Une grande deçeption,j'attendais de le voir avec impatience mal m'en a prit de le faire,film ennuyeux,lourd,insipide,parfois vulgaire c'est une sorte de version érotique de martine à la campagne.
Après quarante minutes pénibles à tenter d'entrevoir la condition amoureusement infirme de Lady Chatterley, ce fut une agréable surprise de voir un objet filmique englobant son propos, avec ce qu'il faut de grâce et de retenue. Surprise, certes. C'est peu. Peu, au vue de la prestation de Marina Hands, qui s'embourbe dans une naïveté forcée et, on doit le dire, peu crédible; peu aux vues de la distribution des seconds rôles que l'écriture des dialogues n'a pas aidé. Seul Jean-Louis Coulloc'h tire son épingle d'un jeu presque muet, presque mort mais ayant assez de pulsion et d'intuition pour se révéler lui-même, et ainsi se révéler aux autres.

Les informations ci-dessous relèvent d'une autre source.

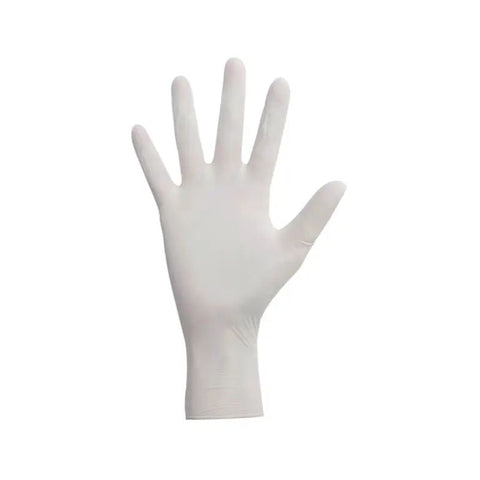 POWDER FREE LATEX GLOVES, 100 UN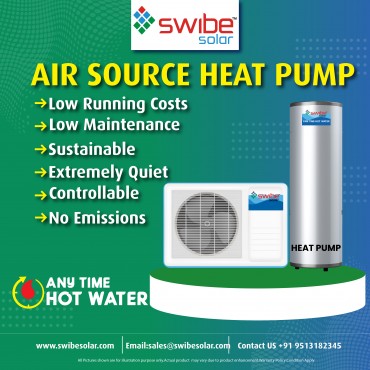 500 L SWIBE SOLAR AIR SOURCE HEAT PUMP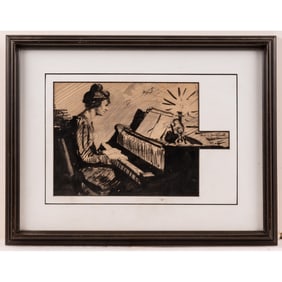 Jan Vaclav Mrkvicka (Czech, 1856-1938)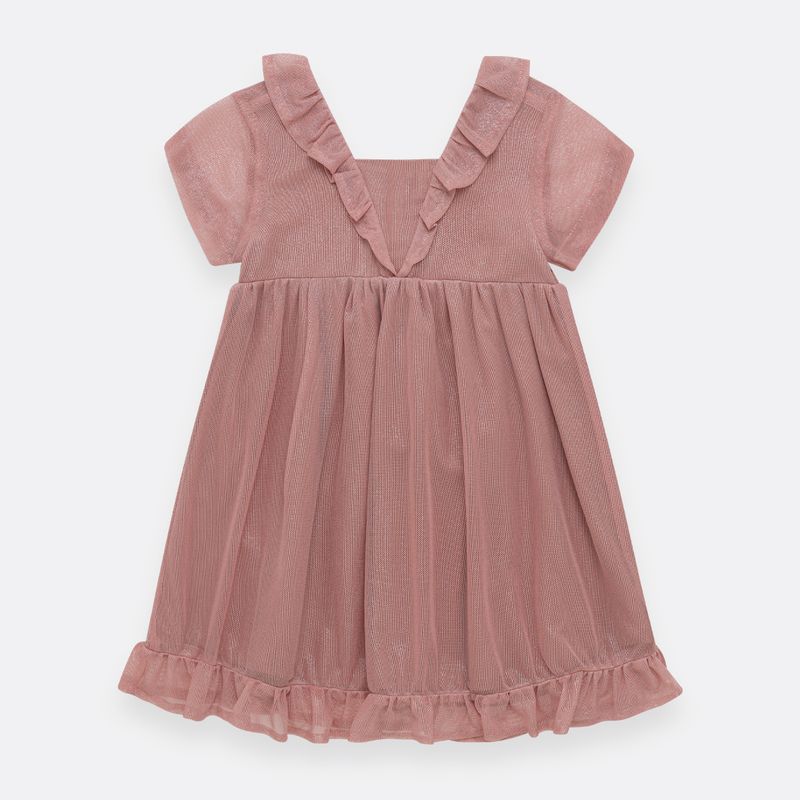 Vestido-para-niña-manga-corta-con-bolero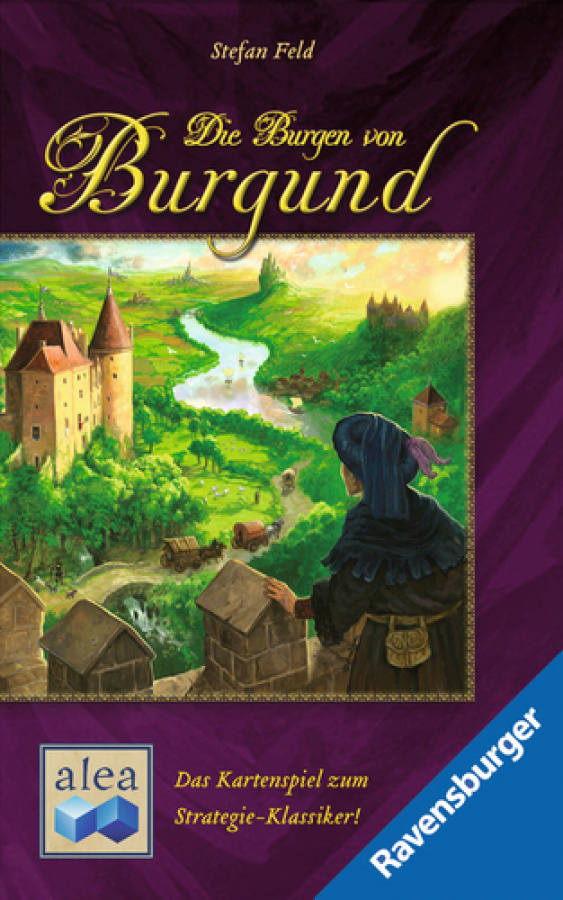 Die Burgen von Burgund - Das Kartenspiel
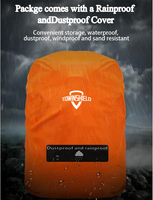 Sac à dos de randonnée 30L pliable, durable, léger, en RPET, pour femmes et hommes, utilisation en extérieur, compatible avec un ordinateur portable de 15,6 pouces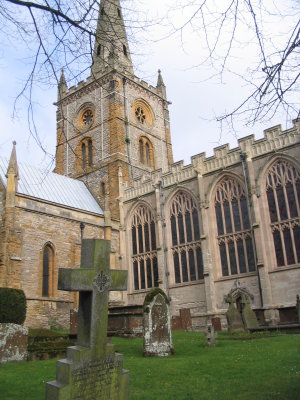 Holy Trinity Church, Stratford Upon Avon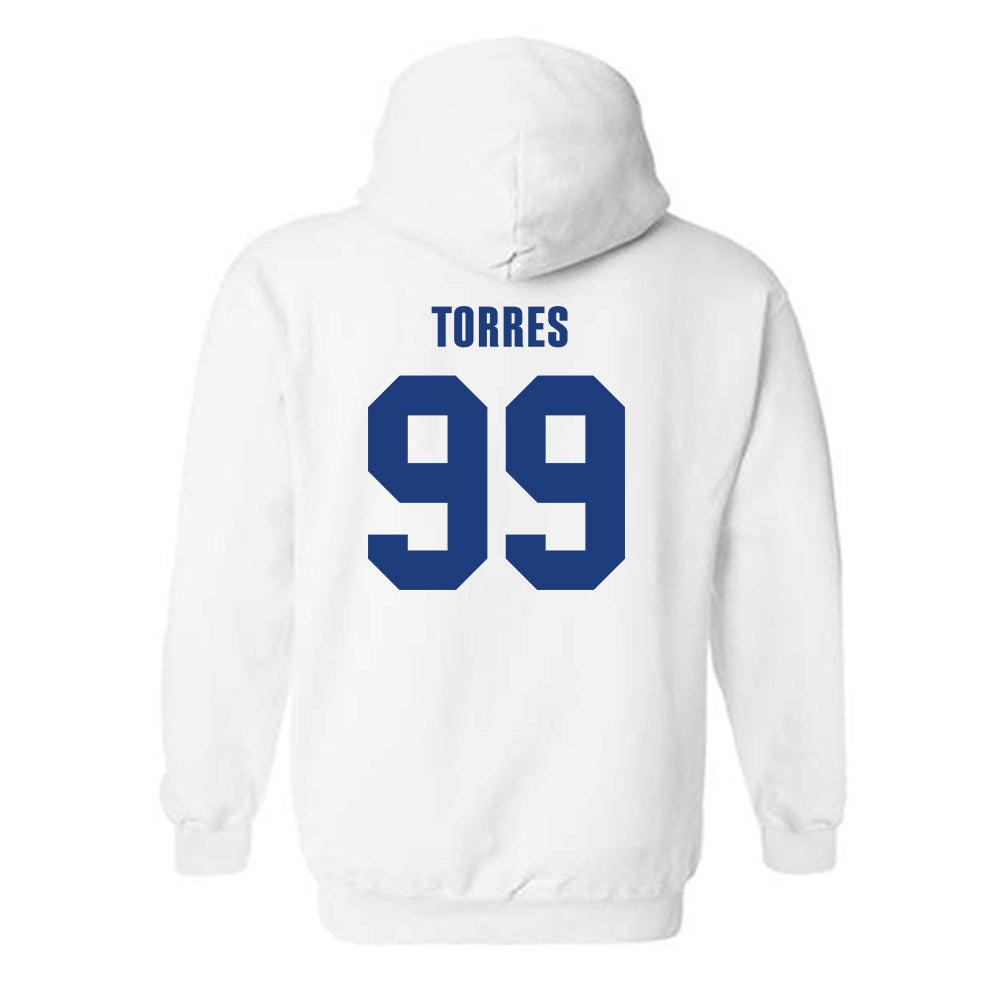 LA Tech - NCAA Softball : Reese Torres - Classic Shersey Hooded Sweatshirt-1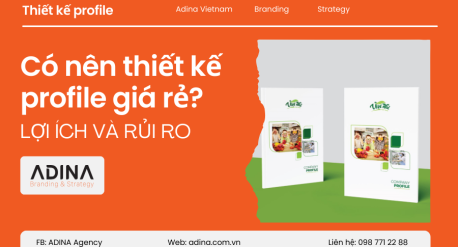 Có nên thiết kế profile giá rẻ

Un film d'une étonnante sensualité, sensualité qui s'exprime non seulement par les scènes d'amour, filmée sans artifices sans pour autant être crues, mais aussi par les plans sur les gestes des mains (préparer le thé, bricoler, toucher la mousse sur un arbre, cueillir des fleurs etc.), les corps (la sueur sur le visage de l'actrice),la représentation des sens qui leur ait attribuée et l'attention portée à la nature (la terre, la foret, le vent, la pluie). L'histoire d'amour ne tombe jamais dans le mièvre, et la réalisatrice arrive à rendre beau et boulversant un sujet on ne peut plus classique et trivial. L'esprit du roman est aussi très bien respecté. Seules quelques longueurs entâchent ce film et ont faites que je ne lui attribue pas 4 étoiles.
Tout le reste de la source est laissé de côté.